=== DATA SUPPLIED ===
....

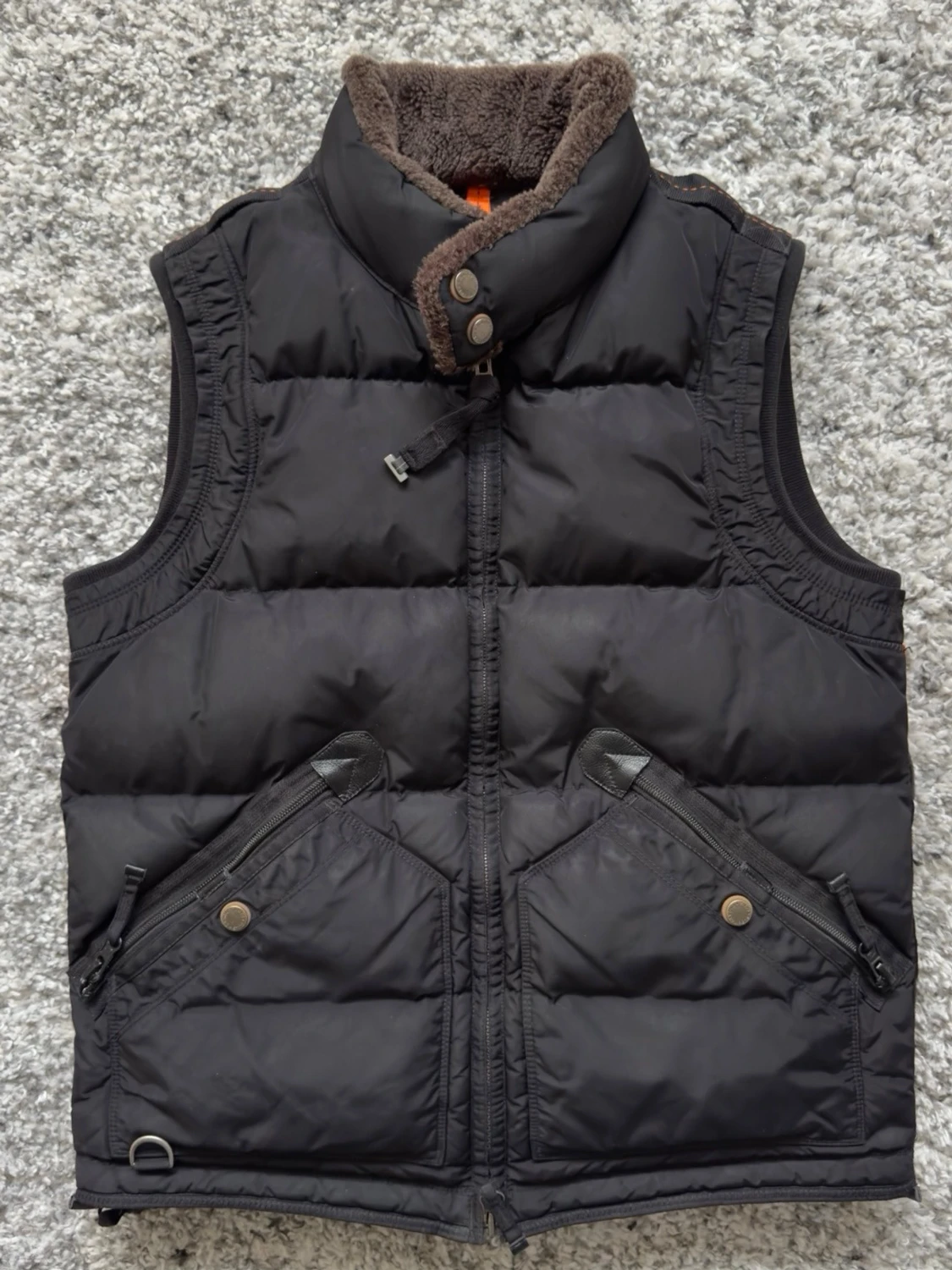 Parajumpers Kobuk Väst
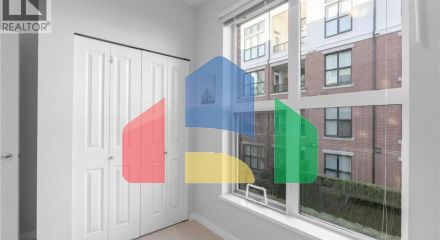 Residential - Condo/Apartment - Richmond, Canada - Canada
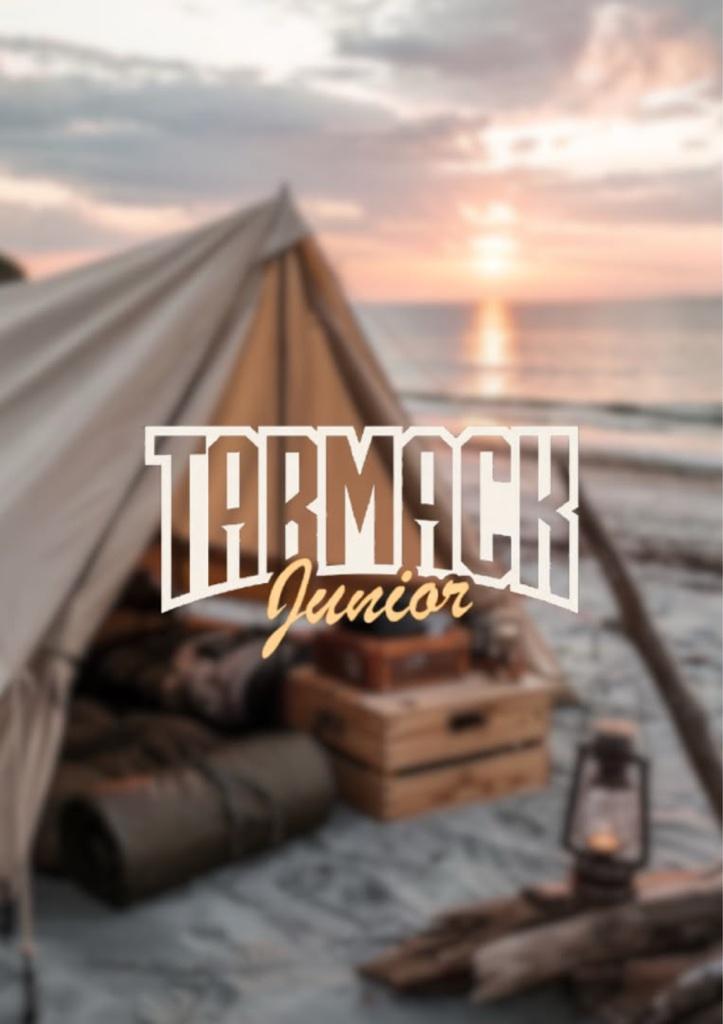 tarmack junior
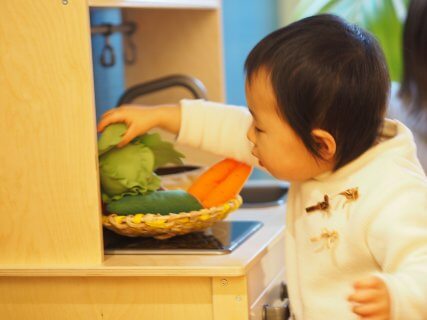 \\　女の子はキッチンがお好き🎵//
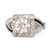 Art Deco Diamond Ring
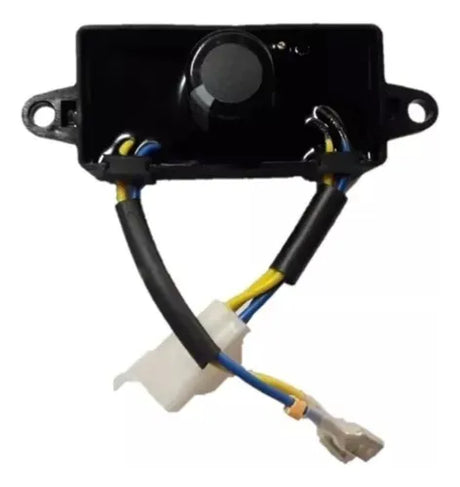 Avr Regulador De Voltaje Generador Monofasico 2,8 Kva Niwa 2193500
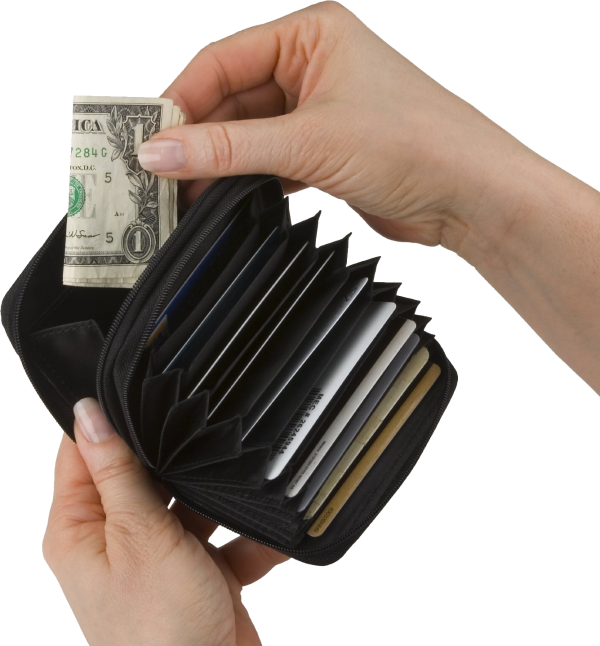 Wallet PNG Free Download 21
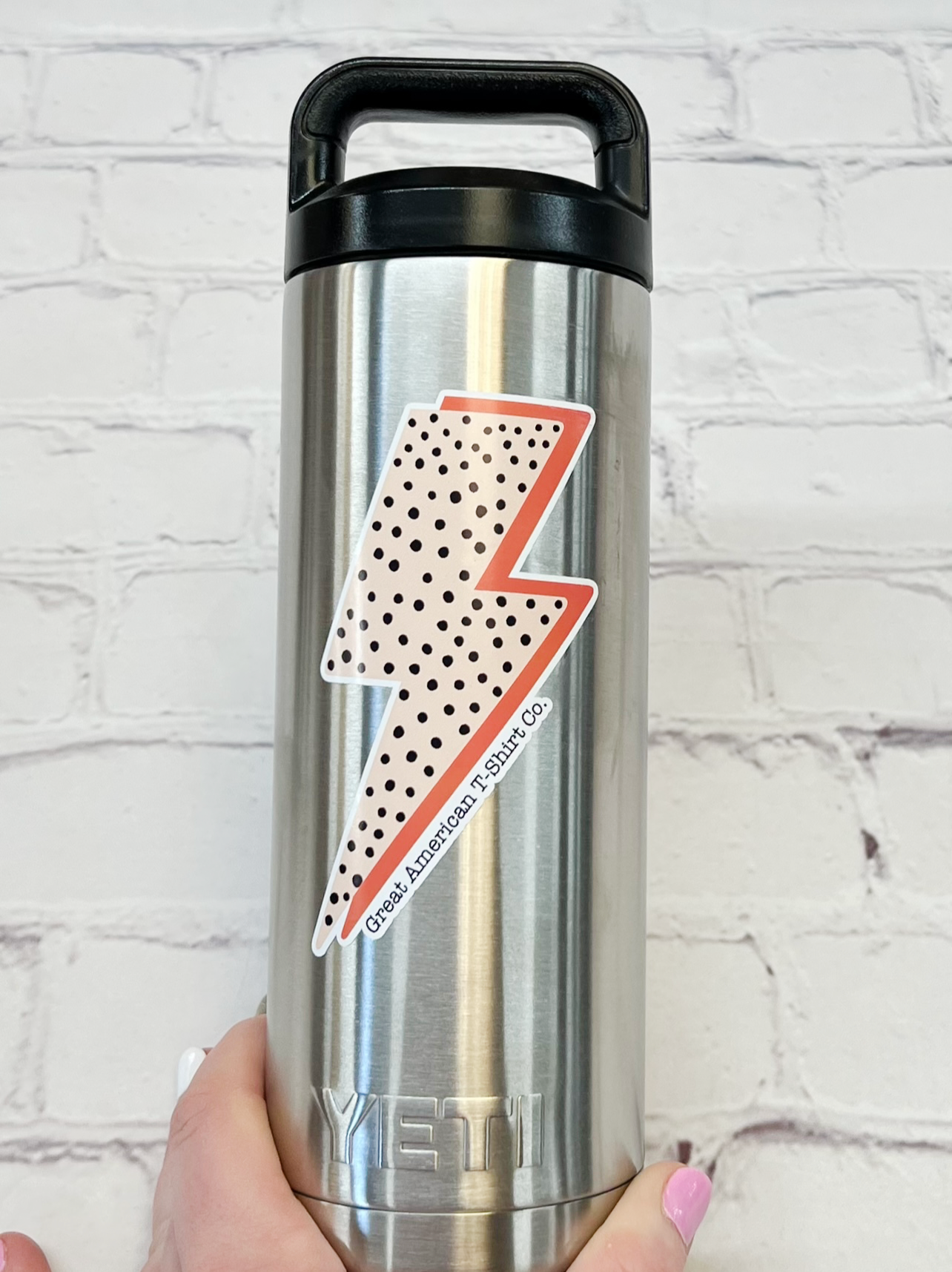 Graphic Stickers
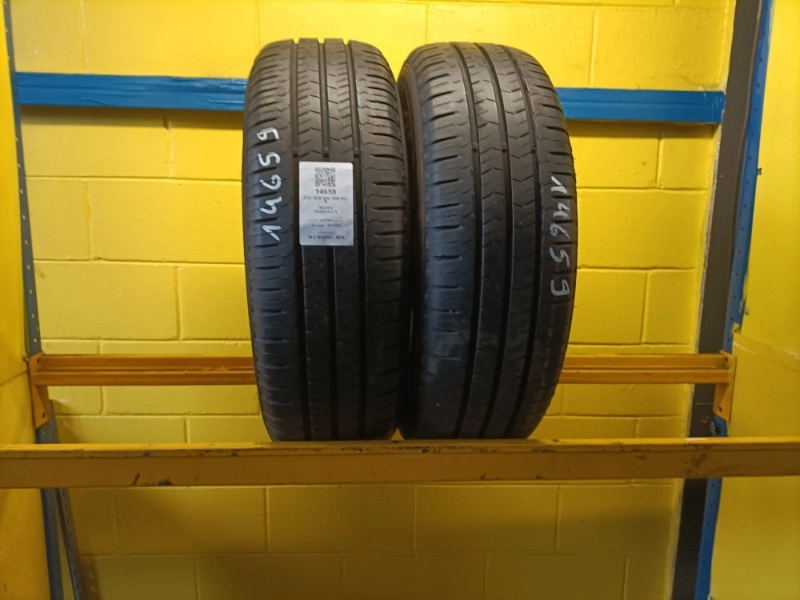Pneumatico NEXEN ROADIAN CT8 215/70 R15C 109/107S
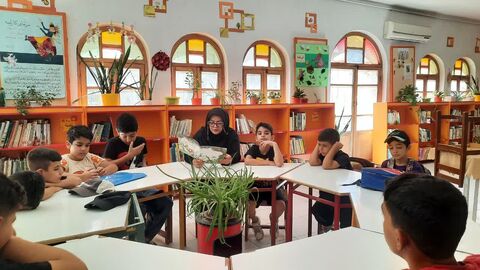 وحدت در مراکز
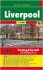 PL 131 CP Liverpool 1:10 000 / kapesní plán města - 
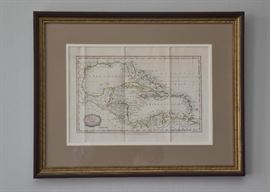 Antique Maps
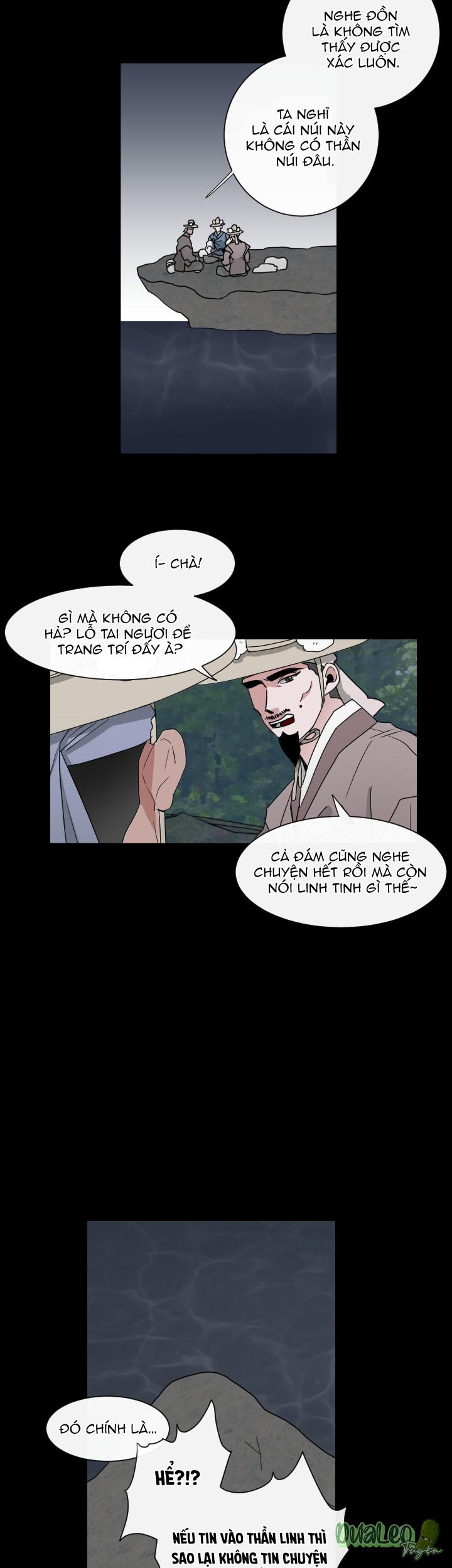 shinsujeon chapter 19 10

....

=== WHAT YOU HAVE TO DO ===
All that is needed here is the run of lines from the one containing "Pneumatico NEXEN ROADIAN" through the end of the material above, reproduced exactly and without pictures.

=== EXERCISE RESPONSE ===
Pneumatico NEXEN ROADIAN CT8 215/70 R15C 109/107S
 وحدت در مراکز
 PL 131 CP Liverpool 1:10 000 / kapesní plán města - 
 Antique Maps
 shinsujeon chapter 19 10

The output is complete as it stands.